13.2.2. file-sequence persistence

The file-sequence persistence option stores the persisted content (whether it is the data store catalog, roles database, or the content of a data store) in a sequence of files with one file per version. The path of each file is determined by the relevant version number (server, role manager or data store).

Unlike with file persistence, a server directory using file-sequence persistence may be shared by several RDFox servers at once. So long as the underlying file system meets the criteria described in Section 13.2.2.1, any modification successfully made via any of these instances will be replicated to the other instances eventually. This provides the basis for deploying RDFox in a leaderless, high availability (HA) configuration. Please refer to Section 13.2.2.2 for information about replication lag and Section 21 for details of how to setup HA deployments.

Also unlike the file persistence type, file-sequence server directories can be backed up during write operations, removing the need for maintenance windows in order to collect backups. This is because the files that form the file sequence never contain partial deltas.
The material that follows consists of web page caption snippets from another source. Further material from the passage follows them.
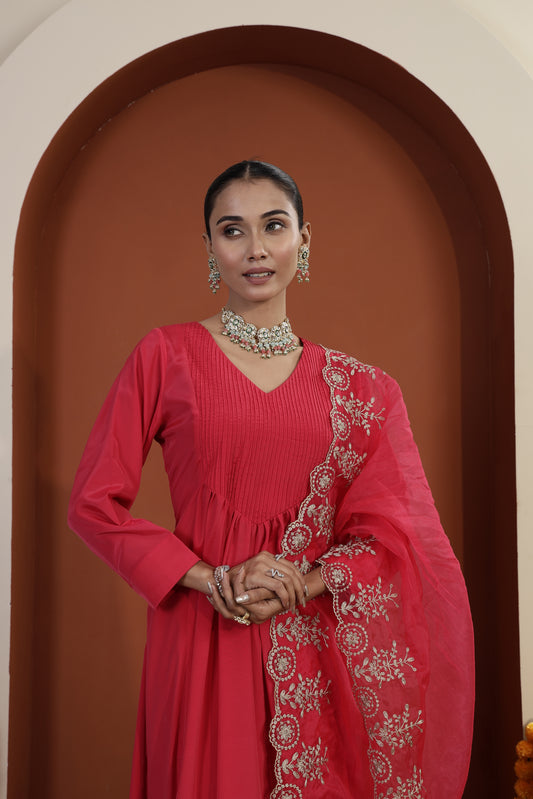 Regal Pintucks Design Anarkali Set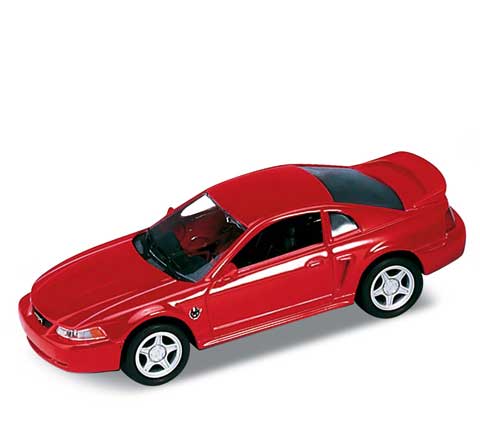 Auto 1:34 Welly Ford 99 Mustang GT červený Auto 1:34 Welly Ford 99 Mustang GT červený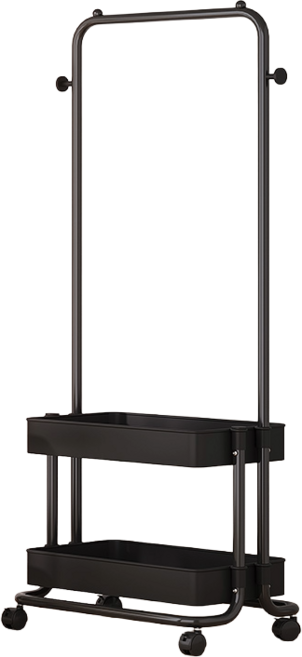 帶輪衣帽架 移動收納 掛衣架 吊衣架 落地衣架 帽架 衣架子 開放式衣架, 推車款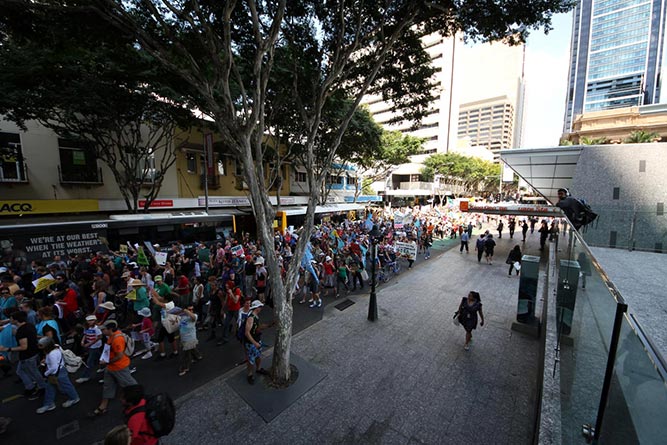 Rally for the Reef, Brisbane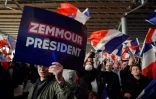 Supporters d'Eric Zemmour le 5  février 2022 à Lille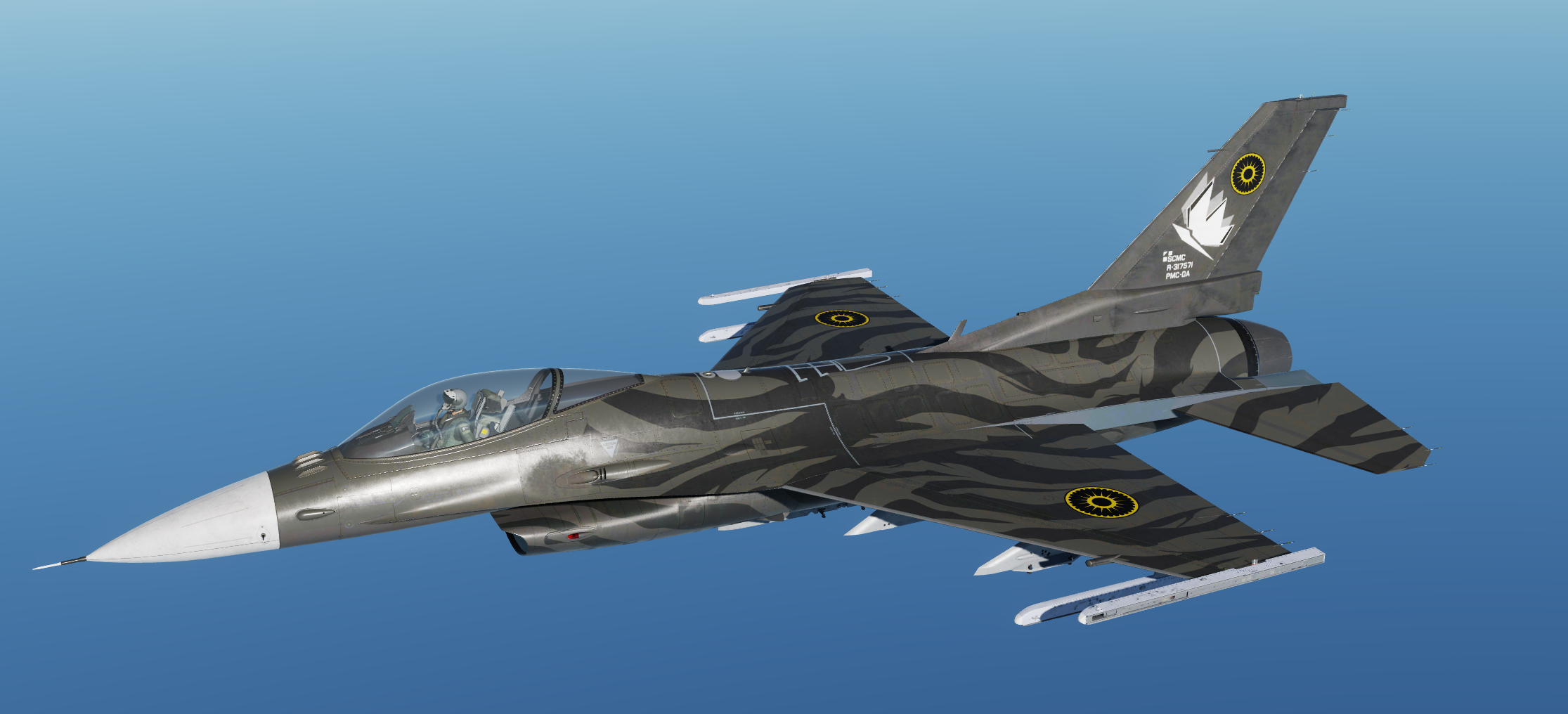 F-16C - SCMC Monarch - Hitman 1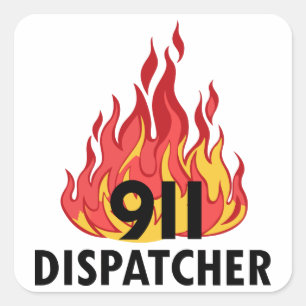 Adesivo Quadrado Dispatcher de emergência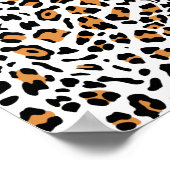 Neue Leopard-Textur 5 Poster (Ecke)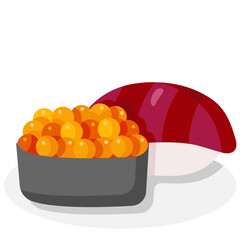 sushi flat icon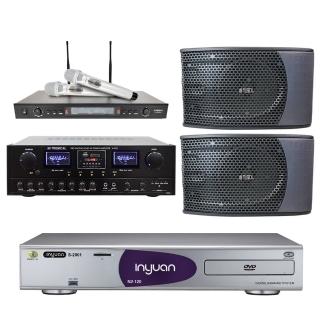 【音圓】點歌機4TB+擴大機+無線麥克風+喇叭(S-2001 N2-120+A-860+SR-928PRO+KS-9980 PRO)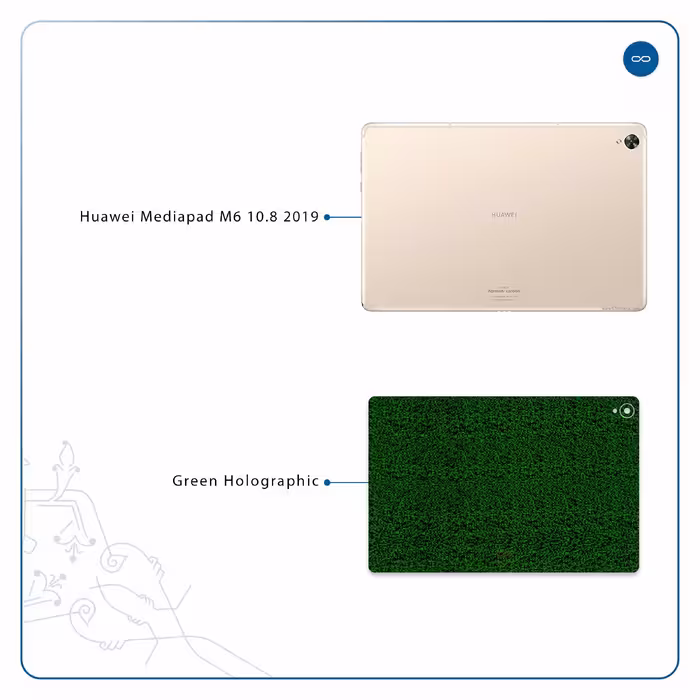 برچسب پوششی ماهوت مدل Green-Holographic مناسب برای تبلت هوآوی Mediapad M6 10.8 2019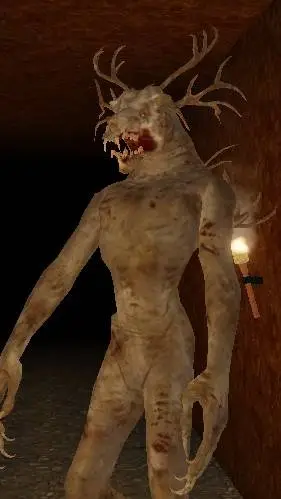 ai character: huge deer background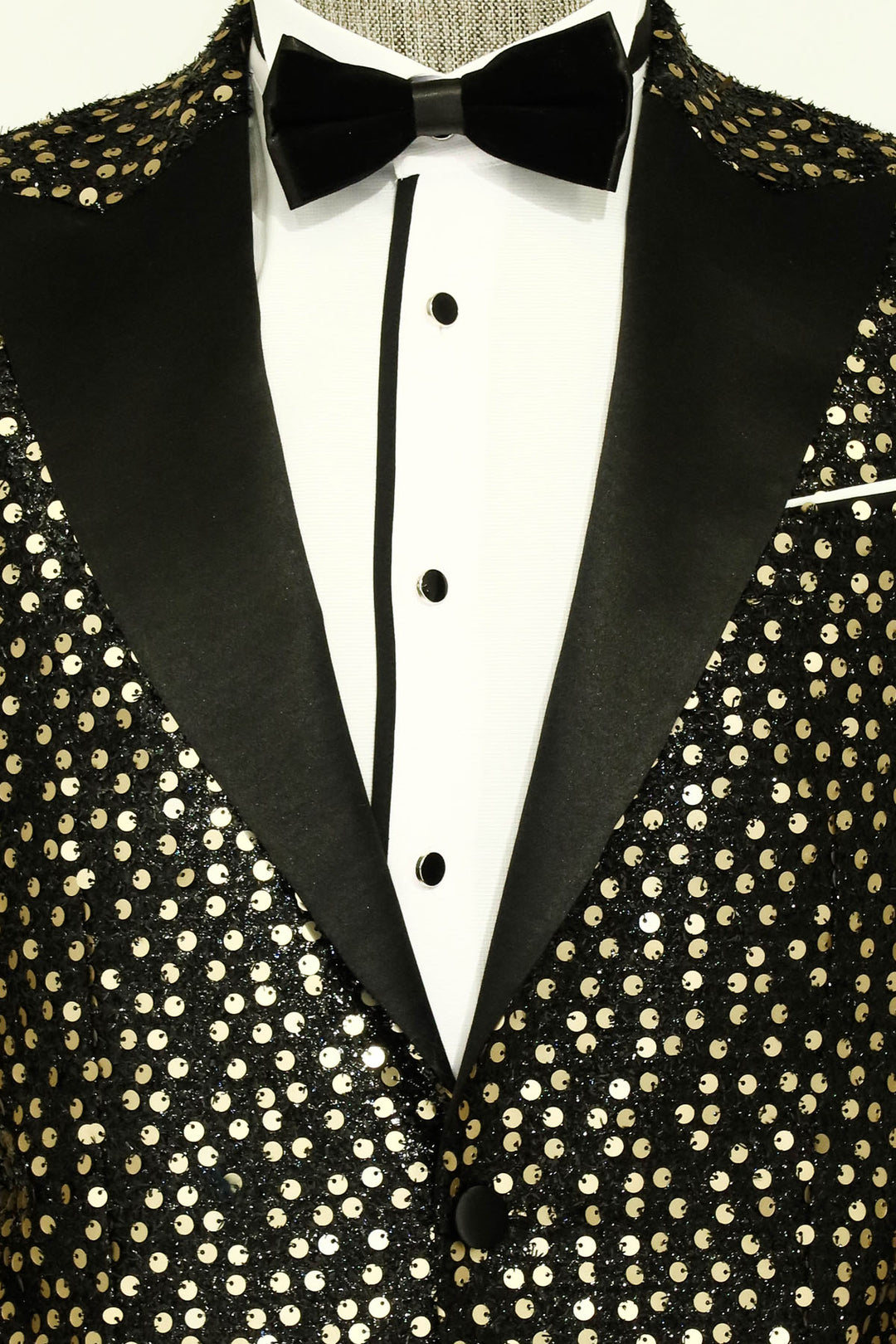 Blazer de fiesta con estampado brillante y efecto ahumado | Wessi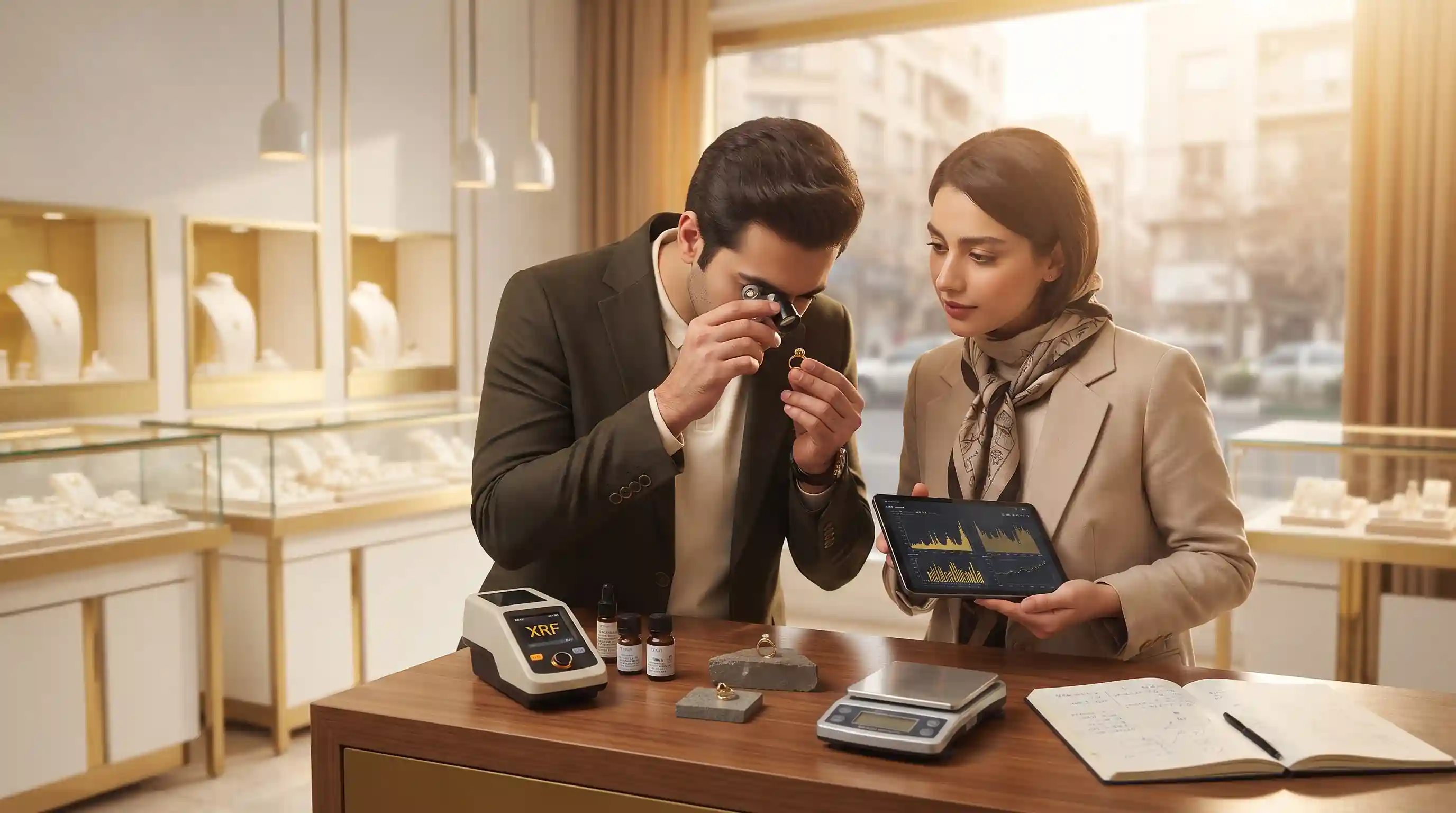 ابزارها و تجهیزات مدرن در عیارسنجی طلا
When data stores persisted with this file type are compacted, old snapshots and deltas are not automatically deleted from the disk. This is because deleting the files that contain these records could cause other RDFox instances restoring the file sequence to diverge from the committed version history. For example, if an instance has not yet restored content from the file corresponding to version v, where v is less than the current data store version, and the file is deleted, that instance will restore versions up to v-1 and then become available to accept writes. Since the path reserved for version v is empty, a write via this instance will succeed, creating a divergence in the version history that could lead to data loss.

The problem described above cannot happen if all of the running instances that share a server directory have the globally highest version of a data store when a compaction on the store begins. To allow disk space to be freed for data stores configured to use file-sequence persistence, compact supports an optional argument indicating that redundant files should be deleted. Before using this option, operators must take measures to ensure that all running instances are consistent with respect to the data store version. This could be achieved by shutting down all but one of the instances or by blocking all inbound write requests and waiting until all instances report the same version number for the data store. In this latter case, it is advisable to keep the block on write traffic in place until the compaction operation has completed.

Warning

The option to delete redundant files during a compaction can corrupt your data store if other replicas are in the process of restoring from a file sequence.

Note

In order to use the file-sequence persistence option, the license key provided at startup must explicitly support the feature.

Note

The file-sequence persistence option is EXPERIMENTAL on Windows and macOS.

13.2.2.1. System Requirements

In order to make it safe for any of the RDFox instances sharing a server directory to persist new transactions, each instance must add files to file sequences in a way that will fail if the version they are trying to create has already been created by another instance. This requires that the file system containing the server directory supports an atomic move or link operation that returns a distinct error code when the target path is already occupied.

The Network File System (NFS) protocol meets the above requirement through the LINK operation (documented, in Section 18.9 of RFC5661 <https://datatracker.ietf.org/doc/html/rfc5661#section-18.9>). Oxford Semantic Technologies has successfully tested the file-sequence persistence option under sustained write contention on the following managed NFS services:

In each case, testing was performed by provisioning an instance of the file system and mounting it to three Linux hosts in separate availability zones using the mounting procedure recommended by the service provider. An instance of RDFox was then started in shell mode on each host with the server-directory parameter pointing to the same directory on the NFS file system. Using one of the instances, a data store was created with the following command:

dstore create default

Next, the following commands were run on each host:

set output out
rwtest 500 5000

The rwtest shell command has been designed specifically to detect replication errors and is described fully in Section 15.2.39. When invoked as shown, the test attempts to commit a transaction every 2.75 s on average. Running the command on three instances simultaneously results in frequent write contention events.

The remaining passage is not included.